Number of straight lines from 10 points with 7 collinear: How many distinct straight lines can be formed?

Aptitude Permutation and Combination Difficulty: Medium
Choose an option
  • A
    26
  • B
    21
  • C
    25
  • D
    None of these

Answer

Correct Answer: 25

Explanation

Introduction / Context:Distinct lines arise from pairs of points, but when many points are collinear, all pairs among them correspond to the same line and must not be overcounted.

Given Data / Assumptions:10 points total; 7 on one line; assume the other 3 are in general position relative to the 7 and each other.

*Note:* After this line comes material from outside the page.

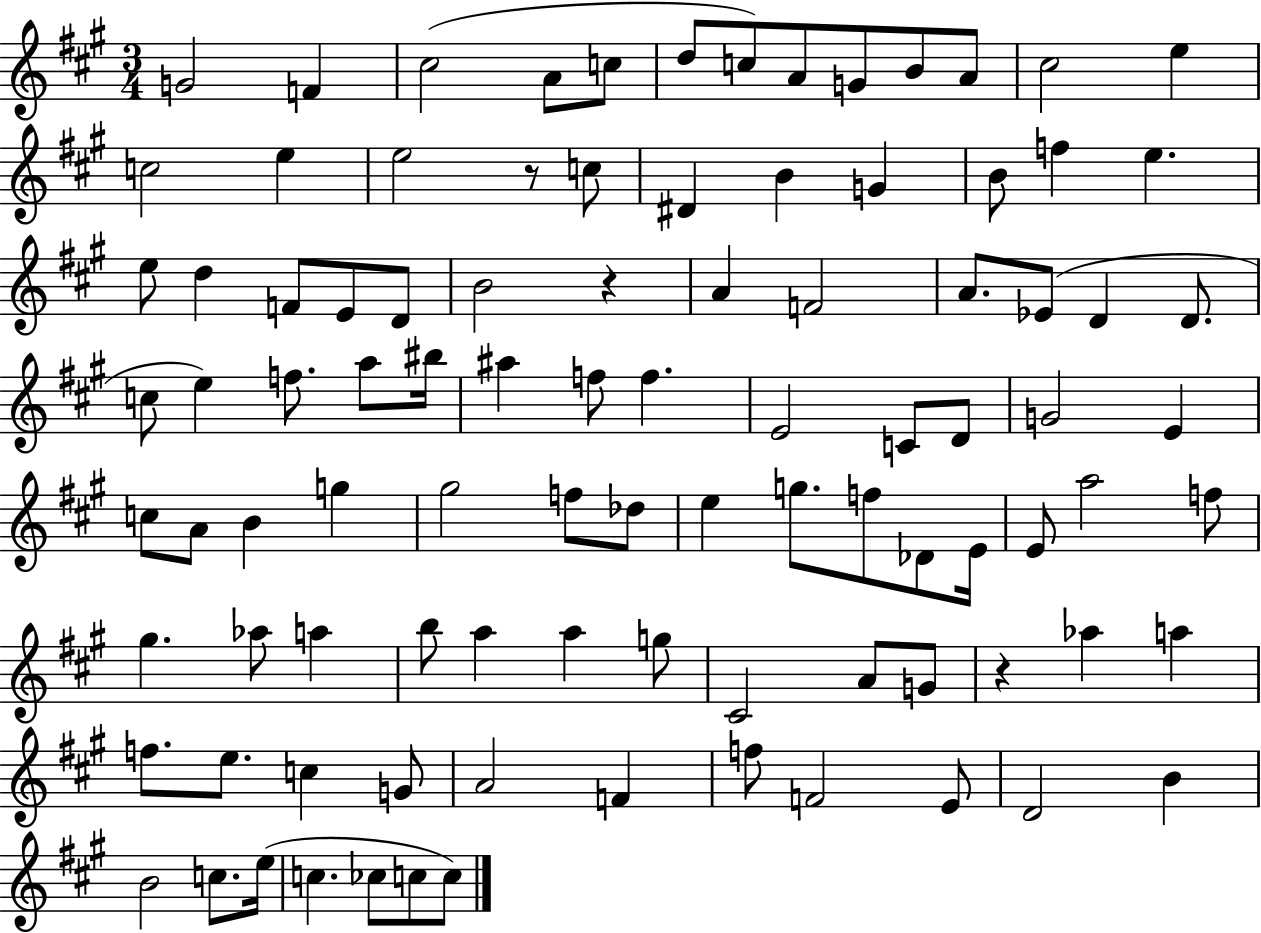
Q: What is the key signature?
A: A major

Concept / Approach:Total potential lines from all pairs minus the overcount among the collinear 7, then add back that single line once.

Step-by-Step Solution:

Total pairs = C(10, 2) = 45Pairs along the 7-point line = C(7, 2) = 21Distinct lines = 45 − 21 + 1 = 25

Verification / Alternative check:List categories: the one big line from the 7, lines from an off-line point to each of the 7, and lines among off-line points — totals reconcile to 25.

Why Other Options Are Wrong:26 or 21 result from missing either the subtraction or the add-back of one line.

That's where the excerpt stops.